Here at CHHQ, since we won’t actually be on the red carpet (clearly an oversight, but whatever; we’re forgiving) we’re just looking forward to the chance to put our feet up, eat some Cheetos, and pretend to critique the year’s best films (with righteous indignation as appropriate) while actually critiquing the clothes on our favorite celebrities. Sue us, okay? We’re only human. And it’s not like we haven’t given some thought to the nominees. This year, we’re splitting our prediction post into sections: people now; movies later. Here are the official CH bets for Sunday’s ceremony:

Best Actor in a Leading Role

George Clooney, Michael Clayton
Daniel Day-Lewis, There Will Be Blood
Johnny Depp, Sweeney Todd
Tommy Lee Jones, In the Valley of Elah
Viggo Mortensen, Eastern Promises

Who we like: Let’s go with…Mortensen, for being a bit of a dark horse and for offering an excellent performance. Naked.
Who will probably win: Day-Lewis, with that intense-eye thing he does. Whatever. We’re still in a fight after Gangs of New York.

Best Actress in a Leading Role

Cate Blanchett
Elizabeth: The Golden Age
Julie Christie, Away From Her
Marion Cotillard, La Vie en Rose
Laura Linney, The Savages
Ellen Page, Juno

Who we like: Marion Cotillard
Who will probably win: This is a tough one. Normally I’d go with Blanchett, but I think voters will save her for her other nomination in the Best Supporting Actress category. Linney and Christie don’t seem likely. Which leaves Cotillard and Page; Page might sneak in a win if the voters are feeling their indie oats, but otherwise it’s probably going to be Cotillard.

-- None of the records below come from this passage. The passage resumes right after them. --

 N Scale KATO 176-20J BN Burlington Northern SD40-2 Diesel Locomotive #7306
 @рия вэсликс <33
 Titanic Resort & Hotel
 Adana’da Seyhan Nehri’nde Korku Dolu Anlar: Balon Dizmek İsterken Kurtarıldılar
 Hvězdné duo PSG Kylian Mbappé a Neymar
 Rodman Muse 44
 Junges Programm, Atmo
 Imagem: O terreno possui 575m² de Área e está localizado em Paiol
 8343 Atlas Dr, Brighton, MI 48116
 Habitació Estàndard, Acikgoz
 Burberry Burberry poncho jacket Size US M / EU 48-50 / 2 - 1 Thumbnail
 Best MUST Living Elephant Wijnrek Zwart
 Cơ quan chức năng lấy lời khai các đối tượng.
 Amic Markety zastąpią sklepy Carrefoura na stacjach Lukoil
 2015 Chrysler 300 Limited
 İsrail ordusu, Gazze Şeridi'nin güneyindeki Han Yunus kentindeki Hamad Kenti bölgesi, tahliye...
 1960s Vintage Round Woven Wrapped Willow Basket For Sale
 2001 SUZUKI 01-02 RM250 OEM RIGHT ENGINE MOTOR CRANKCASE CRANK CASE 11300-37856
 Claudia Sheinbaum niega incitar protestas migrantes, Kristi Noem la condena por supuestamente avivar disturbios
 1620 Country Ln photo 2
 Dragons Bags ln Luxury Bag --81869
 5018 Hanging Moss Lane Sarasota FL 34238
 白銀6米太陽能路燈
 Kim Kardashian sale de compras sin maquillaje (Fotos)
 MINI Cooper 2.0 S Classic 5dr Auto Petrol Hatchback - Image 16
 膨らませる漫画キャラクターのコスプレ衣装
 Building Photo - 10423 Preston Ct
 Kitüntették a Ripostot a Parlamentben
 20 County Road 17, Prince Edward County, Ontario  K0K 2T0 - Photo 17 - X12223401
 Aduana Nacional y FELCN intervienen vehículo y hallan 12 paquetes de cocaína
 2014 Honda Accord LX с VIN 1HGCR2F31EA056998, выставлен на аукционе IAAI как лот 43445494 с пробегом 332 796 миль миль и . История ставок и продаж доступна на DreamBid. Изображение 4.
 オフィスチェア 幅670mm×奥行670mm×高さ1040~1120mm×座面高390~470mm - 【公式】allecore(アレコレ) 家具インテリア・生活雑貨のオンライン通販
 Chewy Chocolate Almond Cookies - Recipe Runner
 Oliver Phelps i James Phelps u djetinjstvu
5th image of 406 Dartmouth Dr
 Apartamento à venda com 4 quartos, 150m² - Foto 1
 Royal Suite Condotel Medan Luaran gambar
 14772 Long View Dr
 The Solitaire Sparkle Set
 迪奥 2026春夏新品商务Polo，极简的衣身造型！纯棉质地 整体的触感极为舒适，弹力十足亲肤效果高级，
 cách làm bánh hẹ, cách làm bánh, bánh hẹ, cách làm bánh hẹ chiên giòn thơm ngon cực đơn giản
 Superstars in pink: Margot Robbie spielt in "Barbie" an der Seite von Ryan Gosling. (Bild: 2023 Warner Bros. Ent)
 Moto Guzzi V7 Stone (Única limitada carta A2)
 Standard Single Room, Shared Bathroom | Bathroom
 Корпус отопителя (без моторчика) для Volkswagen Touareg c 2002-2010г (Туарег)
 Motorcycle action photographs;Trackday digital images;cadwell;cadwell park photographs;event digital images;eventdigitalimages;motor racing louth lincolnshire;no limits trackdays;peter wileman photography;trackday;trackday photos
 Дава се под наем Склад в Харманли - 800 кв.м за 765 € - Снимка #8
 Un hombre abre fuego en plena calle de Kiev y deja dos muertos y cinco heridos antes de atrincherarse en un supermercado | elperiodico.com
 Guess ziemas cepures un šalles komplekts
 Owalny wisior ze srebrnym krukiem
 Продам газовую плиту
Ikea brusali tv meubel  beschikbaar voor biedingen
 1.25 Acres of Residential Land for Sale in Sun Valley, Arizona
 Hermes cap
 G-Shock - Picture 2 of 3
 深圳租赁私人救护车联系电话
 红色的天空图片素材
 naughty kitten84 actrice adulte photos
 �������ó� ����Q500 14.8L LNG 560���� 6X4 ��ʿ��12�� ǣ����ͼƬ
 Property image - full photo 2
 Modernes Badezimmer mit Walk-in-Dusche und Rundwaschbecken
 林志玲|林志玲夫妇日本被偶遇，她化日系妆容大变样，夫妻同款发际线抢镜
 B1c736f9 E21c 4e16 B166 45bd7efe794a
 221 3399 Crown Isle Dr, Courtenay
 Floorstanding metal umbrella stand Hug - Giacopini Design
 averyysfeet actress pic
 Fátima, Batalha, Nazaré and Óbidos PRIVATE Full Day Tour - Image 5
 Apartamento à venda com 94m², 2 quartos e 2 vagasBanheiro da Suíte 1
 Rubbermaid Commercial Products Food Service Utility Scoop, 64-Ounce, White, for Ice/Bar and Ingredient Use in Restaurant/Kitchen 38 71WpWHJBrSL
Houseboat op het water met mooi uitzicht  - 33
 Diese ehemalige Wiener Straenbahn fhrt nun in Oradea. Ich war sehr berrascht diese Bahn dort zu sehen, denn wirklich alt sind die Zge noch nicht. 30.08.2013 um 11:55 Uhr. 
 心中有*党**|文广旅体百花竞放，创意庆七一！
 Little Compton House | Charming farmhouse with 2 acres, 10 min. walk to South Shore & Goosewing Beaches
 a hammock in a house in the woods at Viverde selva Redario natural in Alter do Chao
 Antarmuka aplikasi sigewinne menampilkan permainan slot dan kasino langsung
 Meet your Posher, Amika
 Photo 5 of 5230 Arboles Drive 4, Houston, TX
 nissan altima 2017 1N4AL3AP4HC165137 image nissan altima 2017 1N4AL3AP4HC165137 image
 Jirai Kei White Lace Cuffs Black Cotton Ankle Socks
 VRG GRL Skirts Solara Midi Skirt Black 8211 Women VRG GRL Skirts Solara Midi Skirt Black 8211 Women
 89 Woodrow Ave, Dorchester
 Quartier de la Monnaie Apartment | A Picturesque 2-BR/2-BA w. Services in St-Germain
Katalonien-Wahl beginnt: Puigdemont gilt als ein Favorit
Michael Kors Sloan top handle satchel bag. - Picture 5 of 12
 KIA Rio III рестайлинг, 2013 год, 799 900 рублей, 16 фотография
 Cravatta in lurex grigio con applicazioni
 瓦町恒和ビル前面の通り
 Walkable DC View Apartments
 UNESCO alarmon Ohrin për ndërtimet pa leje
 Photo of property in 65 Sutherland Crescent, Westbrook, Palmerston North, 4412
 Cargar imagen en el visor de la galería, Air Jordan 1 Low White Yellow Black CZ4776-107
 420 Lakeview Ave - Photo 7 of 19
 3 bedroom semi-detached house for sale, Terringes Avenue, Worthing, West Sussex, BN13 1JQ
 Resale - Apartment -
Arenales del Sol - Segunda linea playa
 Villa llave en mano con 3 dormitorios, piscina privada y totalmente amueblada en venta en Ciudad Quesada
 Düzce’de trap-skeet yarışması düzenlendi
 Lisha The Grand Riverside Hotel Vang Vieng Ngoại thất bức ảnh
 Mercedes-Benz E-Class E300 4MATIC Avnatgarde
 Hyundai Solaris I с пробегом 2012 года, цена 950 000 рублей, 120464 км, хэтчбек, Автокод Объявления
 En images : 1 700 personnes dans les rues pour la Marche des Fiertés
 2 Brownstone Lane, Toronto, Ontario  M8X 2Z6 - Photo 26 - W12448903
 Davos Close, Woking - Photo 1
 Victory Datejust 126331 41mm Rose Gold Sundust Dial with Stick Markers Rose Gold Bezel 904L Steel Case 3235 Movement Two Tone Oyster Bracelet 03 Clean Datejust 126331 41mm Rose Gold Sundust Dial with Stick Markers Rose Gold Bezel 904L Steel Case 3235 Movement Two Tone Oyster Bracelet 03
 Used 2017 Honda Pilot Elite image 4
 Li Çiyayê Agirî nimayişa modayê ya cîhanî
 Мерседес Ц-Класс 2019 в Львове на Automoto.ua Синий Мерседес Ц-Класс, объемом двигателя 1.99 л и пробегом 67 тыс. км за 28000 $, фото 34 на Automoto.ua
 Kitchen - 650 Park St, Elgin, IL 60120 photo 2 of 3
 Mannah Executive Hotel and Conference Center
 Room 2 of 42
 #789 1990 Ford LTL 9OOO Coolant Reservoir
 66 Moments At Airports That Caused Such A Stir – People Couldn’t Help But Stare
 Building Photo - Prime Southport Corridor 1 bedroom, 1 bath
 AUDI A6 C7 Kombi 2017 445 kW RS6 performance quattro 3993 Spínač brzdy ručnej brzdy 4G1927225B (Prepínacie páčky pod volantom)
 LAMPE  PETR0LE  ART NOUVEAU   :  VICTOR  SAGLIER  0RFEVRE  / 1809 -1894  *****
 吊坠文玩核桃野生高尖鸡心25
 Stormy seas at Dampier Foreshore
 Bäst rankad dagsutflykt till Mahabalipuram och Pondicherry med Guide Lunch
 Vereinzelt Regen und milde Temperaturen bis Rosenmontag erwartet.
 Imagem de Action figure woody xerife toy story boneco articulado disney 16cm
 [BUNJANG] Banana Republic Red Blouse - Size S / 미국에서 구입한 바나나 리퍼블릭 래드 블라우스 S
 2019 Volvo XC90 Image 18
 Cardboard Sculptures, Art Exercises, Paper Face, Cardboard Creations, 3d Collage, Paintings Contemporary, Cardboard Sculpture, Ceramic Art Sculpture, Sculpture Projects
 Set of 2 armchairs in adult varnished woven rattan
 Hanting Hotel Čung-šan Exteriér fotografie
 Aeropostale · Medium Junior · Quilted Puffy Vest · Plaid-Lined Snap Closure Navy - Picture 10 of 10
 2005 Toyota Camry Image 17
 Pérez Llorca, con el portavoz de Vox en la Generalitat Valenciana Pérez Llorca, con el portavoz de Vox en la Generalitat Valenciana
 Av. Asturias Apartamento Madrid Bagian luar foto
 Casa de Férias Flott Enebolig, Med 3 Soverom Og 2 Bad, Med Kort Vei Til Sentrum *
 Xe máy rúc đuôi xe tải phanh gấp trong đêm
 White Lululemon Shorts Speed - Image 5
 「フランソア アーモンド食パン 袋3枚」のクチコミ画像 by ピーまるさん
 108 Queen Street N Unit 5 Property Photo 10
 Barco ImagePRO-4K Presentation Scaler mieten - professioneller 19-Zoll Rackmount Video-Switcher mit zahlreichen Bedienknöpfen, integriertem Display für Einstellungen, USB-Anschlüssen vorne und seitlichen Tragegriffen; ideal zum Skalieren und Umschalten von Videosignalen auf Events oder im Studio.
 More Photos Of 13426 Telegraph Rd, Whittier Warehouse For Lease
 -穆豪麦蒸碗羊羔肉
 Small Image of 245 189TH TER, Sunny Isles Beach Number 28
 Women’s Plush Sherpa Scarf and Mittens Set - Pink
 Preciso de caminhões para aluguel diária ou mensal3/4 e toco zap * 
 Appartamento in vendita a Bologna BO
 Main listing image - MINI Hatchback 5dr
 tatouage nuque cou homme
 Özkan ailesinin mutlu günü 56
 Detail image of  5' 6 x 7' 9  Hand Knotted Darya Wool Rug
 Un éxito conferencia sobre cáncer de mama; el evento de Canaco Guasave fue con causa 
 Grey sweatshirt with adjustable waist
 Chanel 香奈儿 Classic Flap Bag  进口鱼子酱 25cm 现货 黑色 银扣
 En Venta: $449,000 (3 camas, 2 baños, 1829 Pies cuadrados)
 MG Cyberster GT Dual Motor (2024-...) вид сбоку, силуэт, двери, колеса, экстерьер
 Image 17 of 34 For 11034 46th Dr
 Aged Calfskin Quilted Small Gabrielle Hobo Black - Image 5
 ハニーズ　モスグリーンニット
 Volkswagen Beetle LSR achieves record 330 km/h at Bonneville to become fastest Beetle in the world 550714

Best Actor in a Supporting Role

Casey Affleck, The Assassination of Jesse James by the Coward Robert Ford
Javier Bardem, No Country For Old Men
Philip Seymour Hoffman, Charlie Wilson’s War
Hal Holbrook, Into the Wild
Tom Wilkinson, Michael Clayton

Who we like: Casey Affleck, because he has potential and because we love the title of his movie.
Who will probably win: Rough crowd, man. A vote against Hoffman seems risky, but we’re going to say Bardem.

Supporting Actress

Cate Blanchett, I’m Not There.
Ruby Dee, American Gangster
Saoirse Ronan, Atonement
Amy Ryan, Gone Baby Gone
Tilda Swinton, Michael Clayton

Who we like: Saoirse Ronan, for being the perfect caught-up, guilty, oblivious Briony Tallis.
Who will probably win: Blanchett, because she’s there.

Coming soon: Thoughts and predictions on the non-casting categories! Keep your eyes peeled. (Ew.)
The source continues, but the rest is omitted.